Kakashi had little recollection of what exactly provoked him to pin her to the wall. If it was the need to intimidate her he knew he had miserably failed if the heated, glazed over look in her eyes was anything to go by. If it was to shut her up, then yes, he had succeeded - she was struck silent by the boldness of the move. The rational part of his mind that still functioned properly, however, wondered whether there were some less unconventional ways he could have undertaken.
What he knew for certain was that one second she was snarling at him like an enraged lioness, eyes ablaze, and the next he had her wrists in his hand and her back pressed against the cool surface of the wall. That had turned the tables (metaphorically and literally; he made a note to sort out the mess and buy her new plates). Fury and indignation, born from the same flames blazing in their souls, had morphed into something different. More dangerous. Pressing his body against hers and caging her between his arms was surely the worst possible tactic he could have chosen to implement on a kunoichi whose cardinal strengths were dagger-like crystal appearing out of thin air and monstrous strength that could turn his bones to dust with concerning ease. Yet instead of looking affronted or mad, she appeared amused and intrigued. The initial surprise had developed into an eagerness to see what he would do next.

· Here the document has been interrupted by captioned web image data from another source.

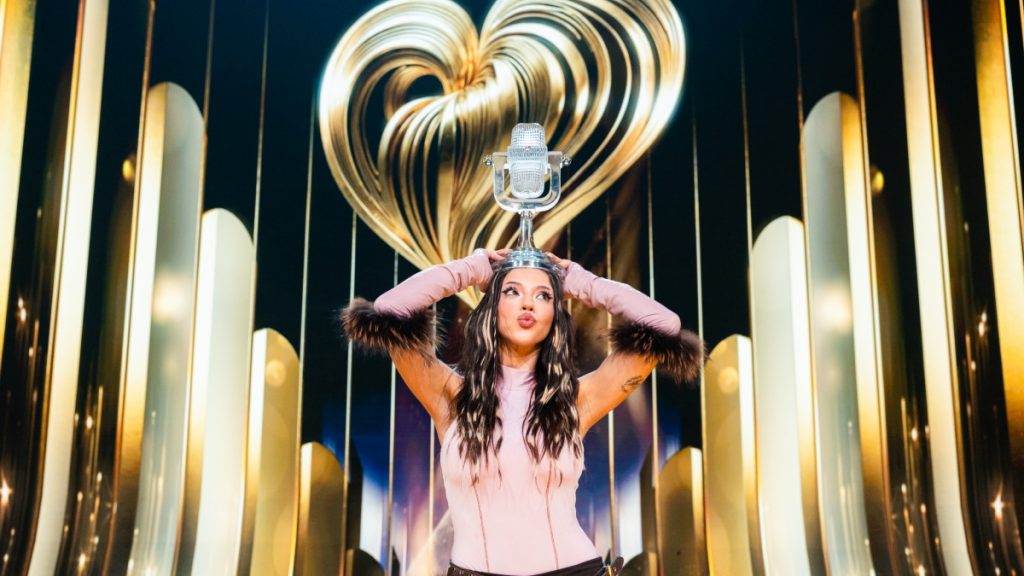 Eurovision 2026: Νικήτρια η Βουλγαρία – Η τελική κατάταξη των χωρών & πώς ψήφισε το κοινό της Ελλάδας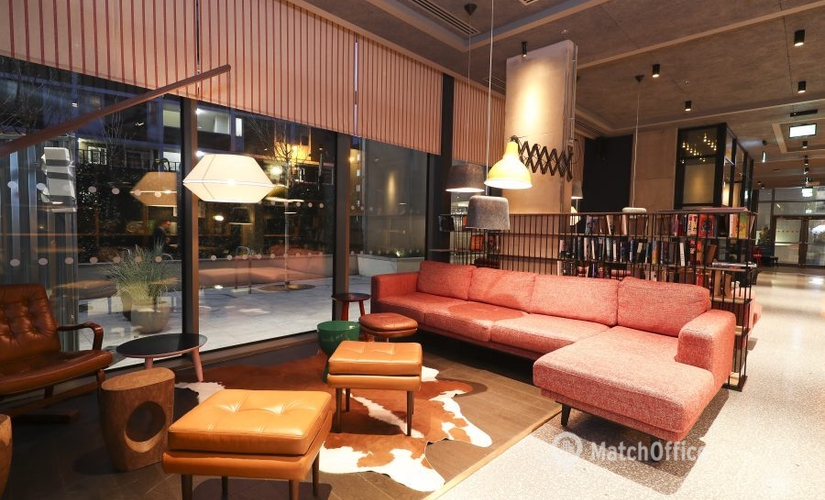 Convention center in Dublin, Bow Lane East 11 (D02 YE24) - 1 | MatchOffice.com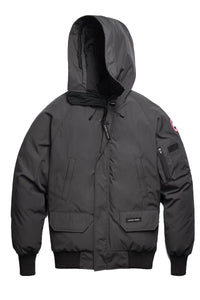 CANADA GOOSE JACKET CHILLIWACK BOMBER 2050M M-GREY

With a vixen’s keen eye, she took in the few visible patches of skin on his face with a hunger that sparked and fuelled the primal, more basic part of his mind. Oh, if he could only-
No, he could not ! She was the Heiress to a powerful Clan, a friend he had grown to admire and cherish. Not a pretty face to fix his unresolved problems and satisfy his deepest, darkest needs. He’d stop this foolishness this very instant and move away, and apologize-
“So, Kakashi, tell me. Is this how you prove a woman wrong? Because if it is, I’m curious to know what lengths you are willing to go to in order to ensure that you prevail.”
Uh-oh. In the few seconds it took him to shake away the shock, Kaya had already moved. Arching her back, she pressed her chest against his. He knew from the teasing peek of the black lacy strap that she had not bandaged her breasts tonight. The fact that the t-shirt was nicely stretched at the front was indicative as well. Damn her for being such a tease, and damn him for having no restraint. Holding her almost lifeless body had done something to him; it had opened a new neat little niche in his soul where her presence fit like a glove. It was her nook, and whenever she was away, he felt that space spasm and twitch before it, like him, started brooding. An emotion easily erased when she was near.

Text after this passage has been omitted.